Monday, September 26

Illegal, Immoral or Fattening

But now I am writing you that you must not associate with anyone who calls himself a brother but is sexually immoral or greedy, an idolater or a slanderer, a drunkard or a swindler. With such a man do not even eat. What business is it of mine to judge those outside the church? Are you not to judge those inside? God will judge those outside. Expel the wicked man from among you. --1st Corinthians 5:11-13

Dr. Laura Schlessinger advises some of her callers that unless someone is participating in something "illegal, immoral or fattening", it's best to just mind one's own business and keep a lip zipped. Recognizing that which is illegal or fattening should be a slam dunk for most people. Defining immoral actions seems to be increasingly problematic for the population at large; even more elusive is the ability of some to take action against such activities. Even Christians are hesitant to speak up and do what it takes to traverse the moral high ground.

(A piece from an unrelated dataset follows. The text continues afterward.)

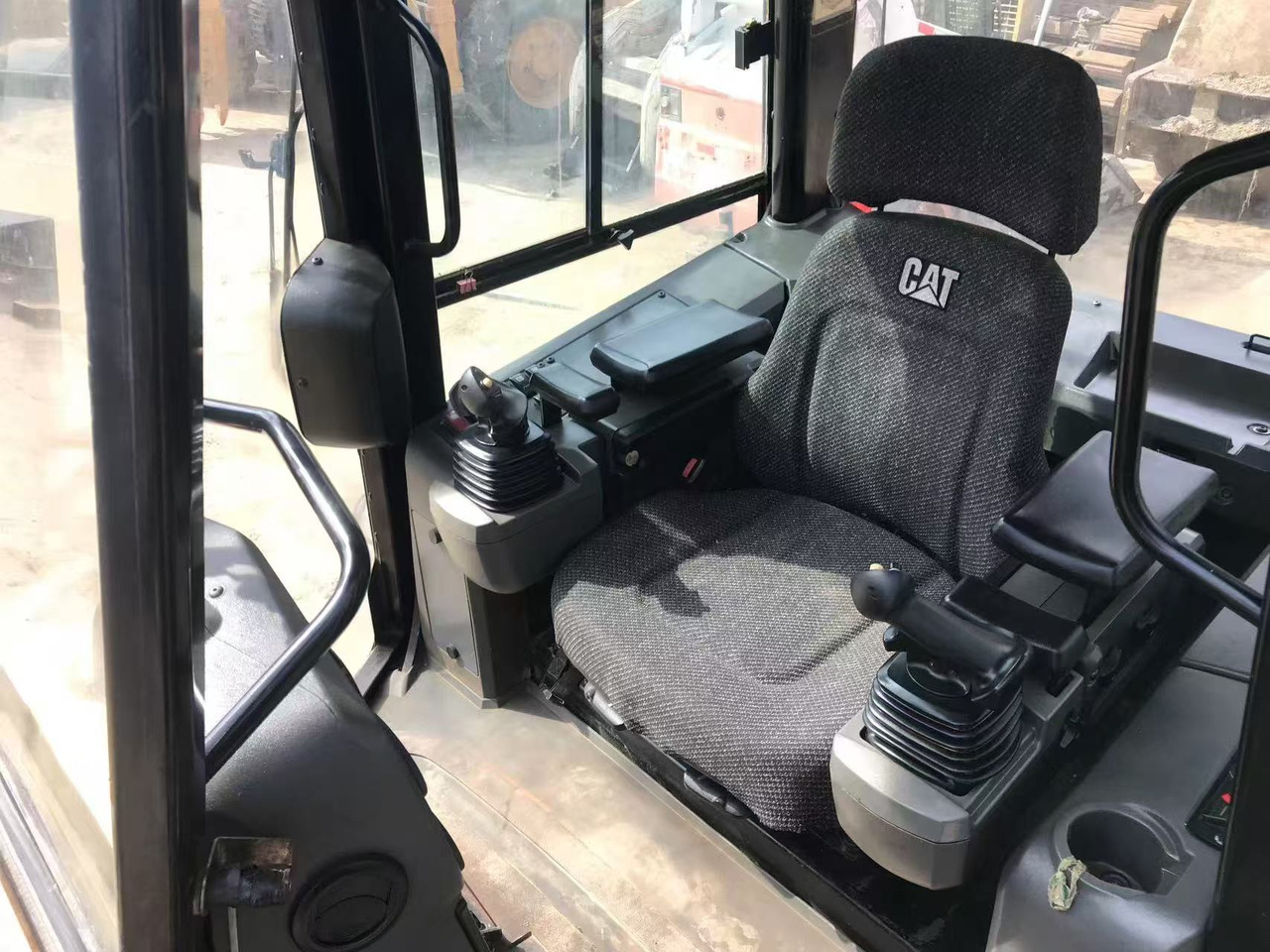 CAT D5K - Bulldozer: bild 5 CAT D5K - Bulldozer: bild 5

Fearful of being labeled as an insensitive or self-righteous hypocrite, some Christians will do everything possible to avoid confronting evil. This is especially true when it involves individuals in our own circles. We are tempted to think that we shouldn't judge those who are in the church because they are "our own." We misalign our loyalties, preferring to be "tolerant" of immoral behavior in order to preserve our worldly relationships at the cost of devaluing God's laws and His absolute sovereignty.

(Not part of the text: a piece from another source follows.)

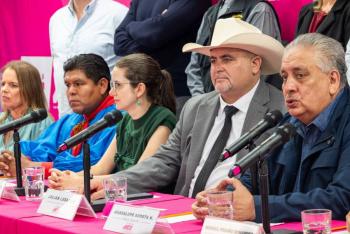 Juli&aacute;n LeBar&oacute;n buscar&aacute; la candidatura de Somos M&eacute;xico para competir por Chihuahua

Sadly, immoral behavior occurs far too often within the church. This has been happening throughout history and will most likely continue. Because the church is comprised of sinners, there will always be some people who would rather continue to be enslaved by their old nature instead of taking on a new self that comes from a growing relationship with Christ. This type of behavior can be either blatant or subtle in appearance.

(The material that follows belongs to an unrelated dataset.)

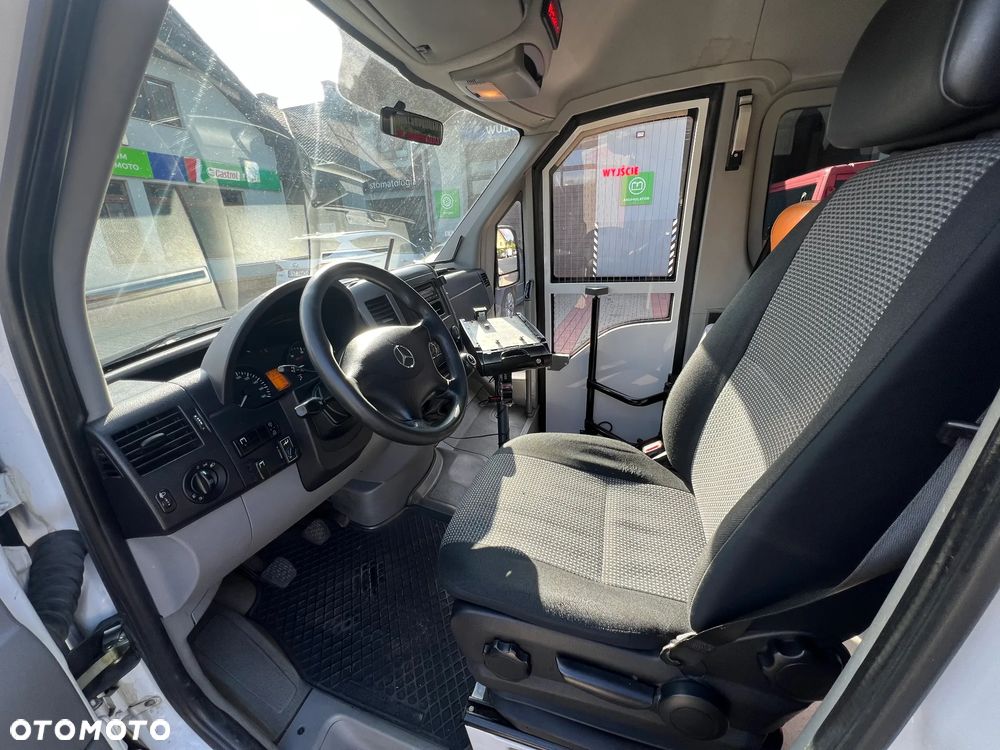 Mercedes-Benz Sprinter - 7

Although salvation is a one-time acceptance of the gift of grace and comes through faith and not works, our actions are outward displays of the Holy Spirit's work in us. Just as a tree's fruit gives a measure of the overall health of the tree, the fruit of our actions serves as a barometer of our spiritual health. God demands that a tree bearing bad fruit or no fruit at all be cut off. Even if a tree has been subject to all the right conditions to grow and bear good tasting good, there is no guarantee that the fruit will appear in due season. A discerning farmer knows that it is a waste of time, effort and resources to continue to water such a tree, and he won't just stop there. He will cut it down and plant a new tree in its place in order to make good use of the soil.

Similarly, some people refuse to grow in spiritual maturity. They may attend church all their lives and act in a way that they believe is "moral." However, when compared to the standard set by God's Word, these people fall far short.

Each of us has a responsibility to judge justly (an appropriately) those within the walls of our churches who call themselves our Christian brothers. If a tree is bearing bad fruit, we are obligated to take the actions required to get rid of that tree before it has an opportunity to weaken or otherwise threaten the health and stability of those around it. The longer we refuse to confront immorality, greed, idolatry and slander in the church, the easier it becomes for such behavior to be deemed acceptable.